Bible Quizzes for Smart Folks VII
Bill Long 12/29/06
An R (or X)-Rated Quiz
[**Let me begin this quiz with a warning. I would put it in red or in glistening lights if I could. The following quiz deals with sexually explicit material. But, since it is from the Bible, I suppose that "sanctifies" it. If you are offended by sexual talk, well, stop reading here--and be careful of your Bible. You have been warned.**]
1. "If a man lies with a male as with a woman, both of them have committed an abomination; they shall be put to death; their blood is upon them."
Yep, there you have it. Homosexual acts, according to this Bible passage, should lead to death for both offending parties. So, I suppose the author of this text might not have had too much sympathy for gay marriage. But one thing I learned as a lawyer and law professor is that when you make an argument, make sure you don't argue in a way that proves too much, or else you can get in as much trouble as proving too little. Those who want to use this passage as an argument against gay marriage or against extending equal rights to gay people really aren't being very biblical. If they really wanted to be biblical, they would be killing gays or, at least, men who had sexual relations with other men [Query--does this also apply to women with other women?
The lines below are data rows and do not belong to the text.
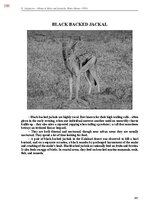 E-book 'Тайный остров', 646.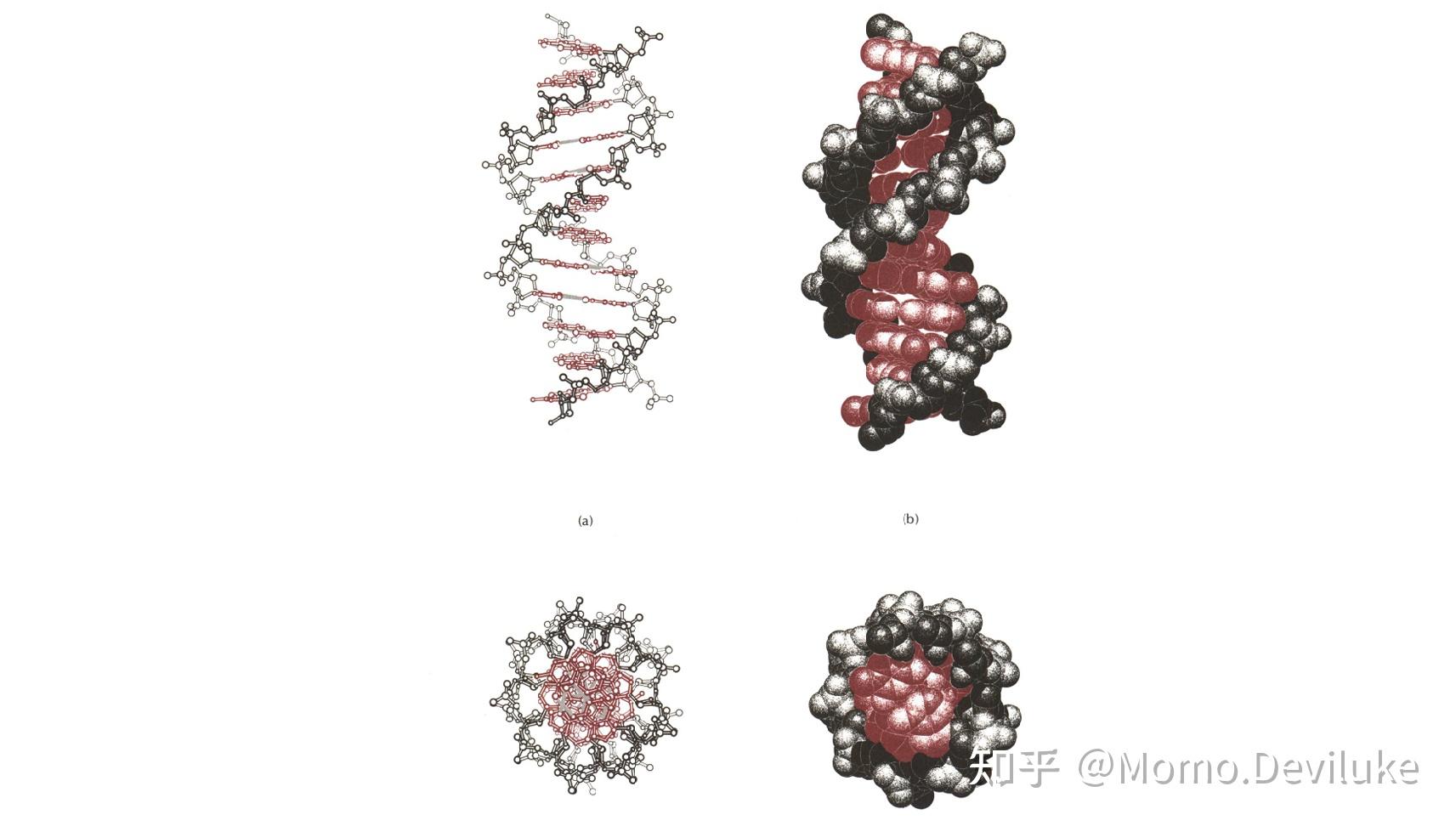生物偏门知识整理——C型/D型/E型-DNA - 知乎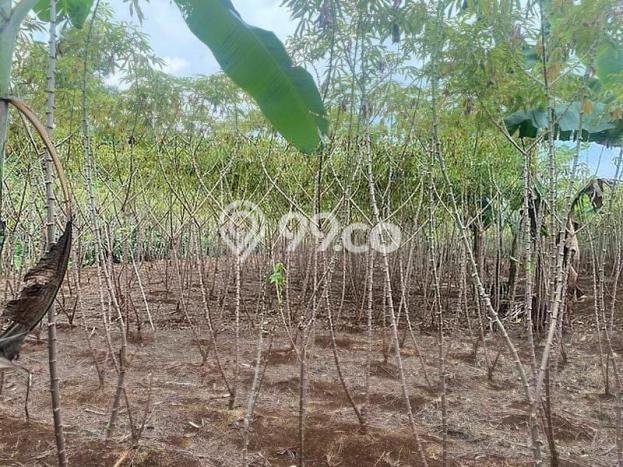 Kavling Tanah Dijual di Bogor Selatan Bogor Spesifikasi 4367m2 Kavling Tanah Dijual di Bogor Selatan Bogor Spesifikasi 4367m2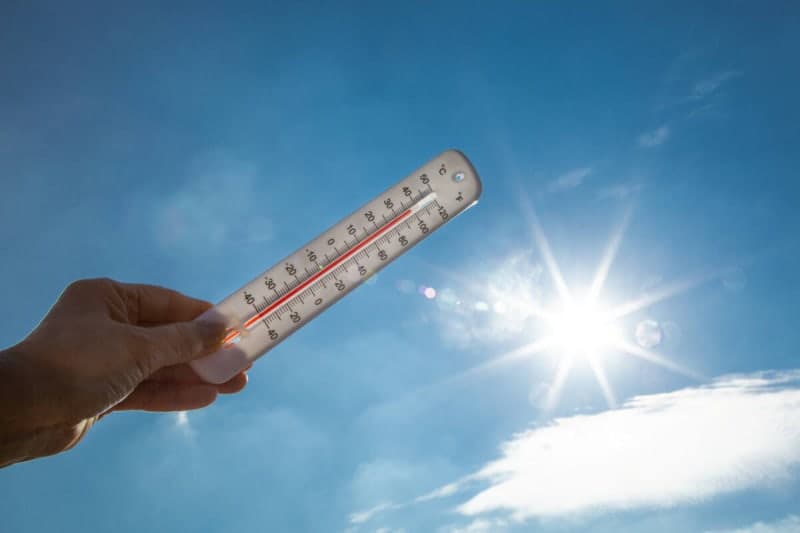서울 전역 올여름 첫 폭염주의보 발효…온열질환자 지난해보다 31.7%↑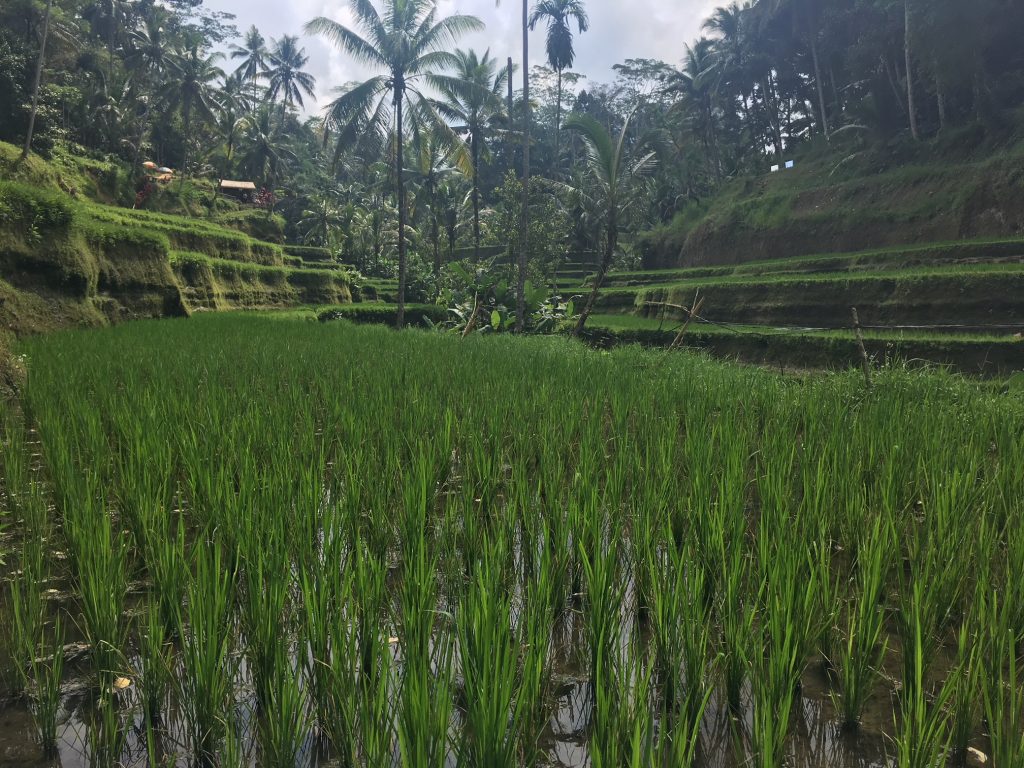 Tegalalang rijstvelden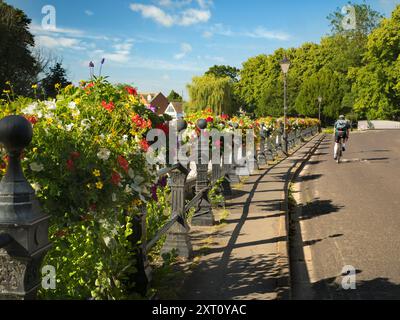 Saint Helen's Wharf est un lieu de beauté remarquable sur la Tamise, juste en amont du pont médiéval à Abingdon-on-Thames. Le quai a été pendant des siècles une importante liaison de transport et de navigation jusqu'à la Tamise et entre les canaux d'Oxford et les Midlands. Les belles maisons de marchands côtoient les maisons d'aumônes et l'église Saint Helens de l'époque saxonne. Ici, nous voyons le quai, vu par une belle journée de mi-été, resplendissant avec des paniers floraux vifs et débordants. Banque D'Images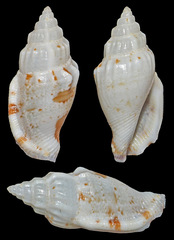 Canarium wilsonorum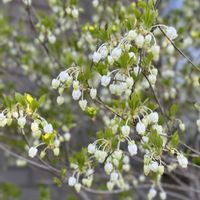 ハナミズキ,スキミア ルベラ,イロハモミジの花,どうだんつつじの花,小さな庭　2025.4月の画像
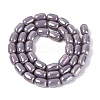 Electroplate Opaque Glass Beads Strands EGLA-Q132-03B-C04-2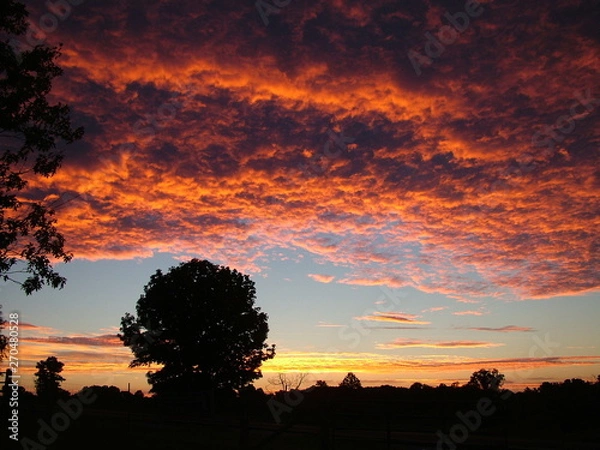 Obraz Morning Colors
The Bible is seemingly silent on that one, I think.]
Yep. Putting the men to death. That is what the text says. Or, if not themselves, they should be turning them over to authorities who would put them to death. But there is no jurisdiction in America recognized by our civil justice system that will put a person to death for homosexual activity. Well, isn't that an outrage? Just think, in this Christian nation of ours, you can't even get people to put others to death when they have committed homosexual acts. What is this nation coming to? But anyone who wants to argue that they rest the case against gay marriage on this passage just isn't being too straightforward or honest. If the person really loved the Bible, they would put 'em to death. That is all there is to it.
Oops. Maybe this argument would prove too much for another reason--because my eyes just ran up to the verses directly above this one. Let me give you one verse:
"If a man commits adultery with the wife of his neighbor, both the adulterer and the adulteress shall be put to death."
By the way, where are these verses from? Ok, but let's think about this one for a moment. It appears three verses before the homosexual-death verses. So, that means that they should be construed together. They comprise a list of those who should be put to death for doing various kinds of sexual acts. I can't see how we can be against gays and not be against adulterers. And not simply against adultery as in, "I am against adultery," but in I MUST KILL ADULTERERS. Because, in fact, that is what the text says. Oh, you might try to weasal out of it because it is adultery "against the wife of his neighbor," as if the neighbor is only someone living on your alley, but I think that is an escape I can't permit. If we frame the discussion of who is my neighbor in the context of Luke 10 (the parable of the Good Samaritan), we see that anyone can be a neighbor. Thus, if there is ANY adultery going on anywhere in our society, the people just have to be exposed and put to death. I see no other way of taking the passage.
But, of course, all this proves much too much. If we really wanted to "take the Bible seriously" we would be killing a lot of people. But I think the tells us more about the society which produced this text than ours. It proves, above all, that the texts just cited came out of a society where the sexual rules had to be clear so that the society could function well. You touch someone's wife, you were messin' with his property. Males start "lying" with each other and that threatens the preservation of the society, which has loads of enemies breathing down its necks. Keep the sexual lines clear, and we can all get along just fine. Well, where are these texts from?
2. "the soul of Jonathan was bound to the soul of David, and Jonathan loved him as his own soul." And, a few chapters later, "Jonathan made David swear again by his love for him; for he loved him as he loved his own life." And a little later: "He bowed theree times, and they kissd each other, and wept with each other, David wept the more."
Ok, there is a "chaste" way of explaining these passage--two guys were friends with each other. Maybe they just were liberated modern males who knew how to express feelings to one another and didn't care what anyone said. But, I think the charged nature of the language and relationship gives the impression that good old King David, before he became king, probably had a homosexual relationship with Jonathan. After all, he couldn't keep his eyes off another man's wife (hm..why wasn't he killed for THAT?); I think he was just sexually "out of control" as a younger man. That wouldn't at all be unusual. Many people are like that. Well, how did David and Jonathan manage to avoid the biblical injunction against lying with another man? Well, maybe they "stood up" instead of "lying down." Never know.
Well, where is this story? And, what is your "take" on it? In any case, I think I need to have one more quiz on X-rated verses.